▸ **Work item**:
Quote the lines of the data below verbatim, beginning at the line that contains "Young woman drying" and ending at the last line, both included, and excluding pictures.

▸ **Material to process**:
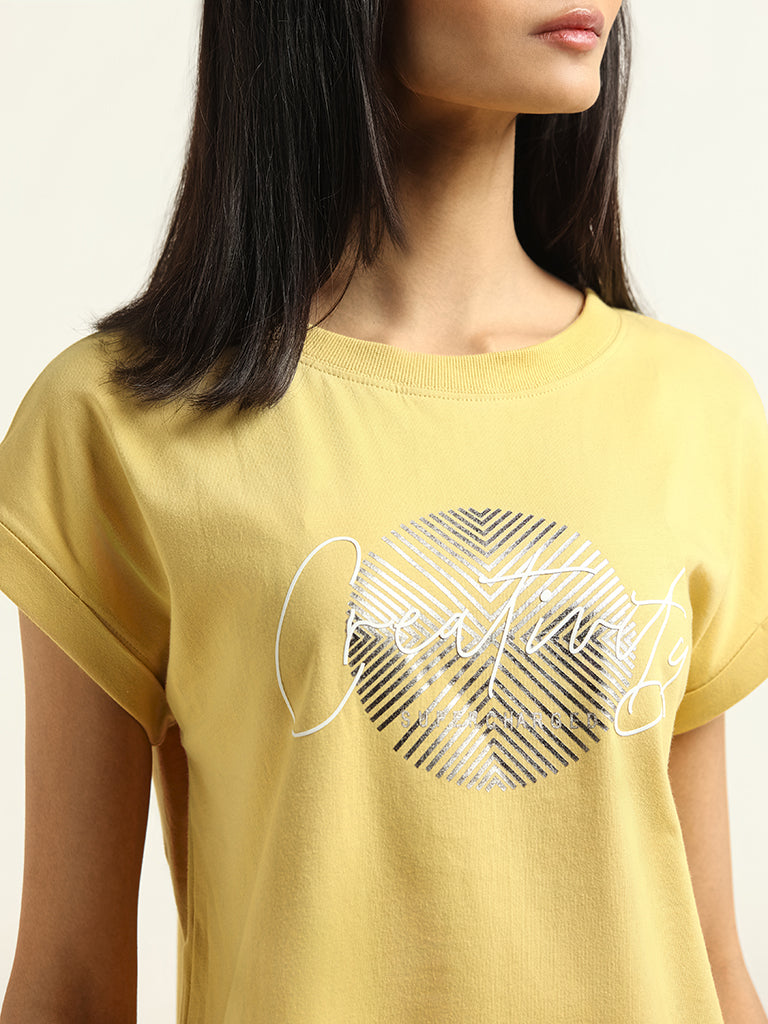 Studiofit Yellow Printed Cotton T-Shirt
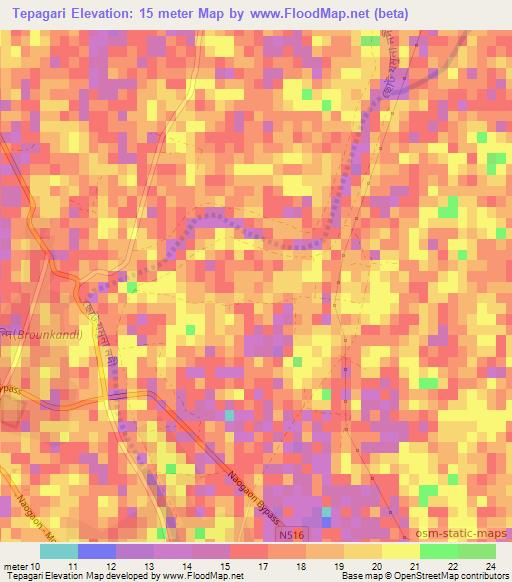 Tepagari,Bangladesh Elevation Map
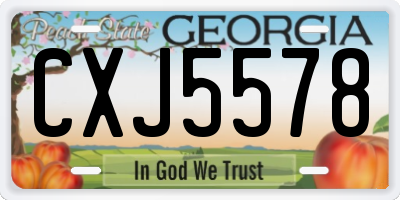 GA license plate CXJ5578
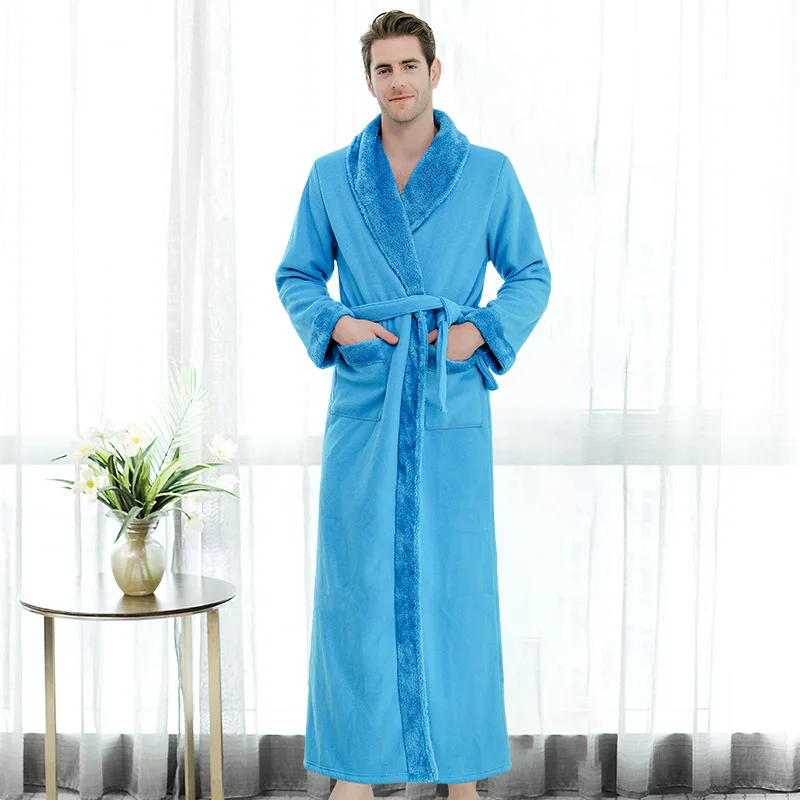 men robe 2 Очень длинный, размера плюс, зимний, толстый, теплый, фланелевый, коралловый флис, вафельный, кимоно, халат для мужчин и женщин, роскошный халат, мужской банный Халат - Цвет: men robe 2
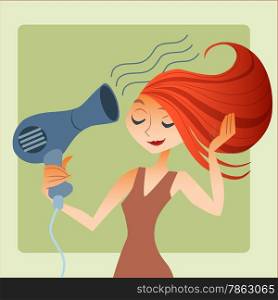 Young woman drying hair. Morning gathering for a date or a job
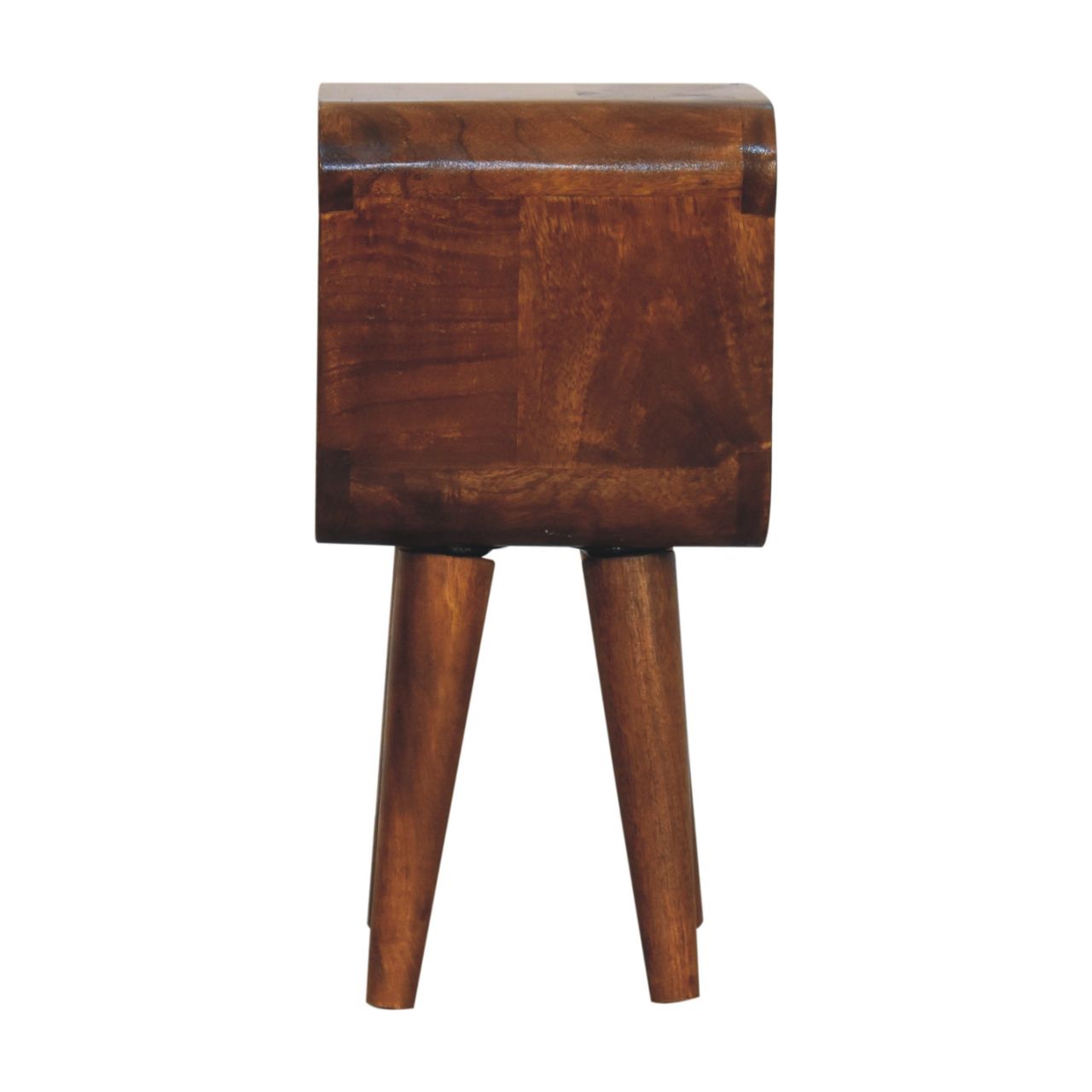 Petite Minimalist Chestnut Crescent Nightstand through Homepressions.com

▸ **Response**:
 Young woman drying hair. Morning gathering for a date or a job
 Petite Minimalist Chestnut Crescent Nightstand through Homepressions.com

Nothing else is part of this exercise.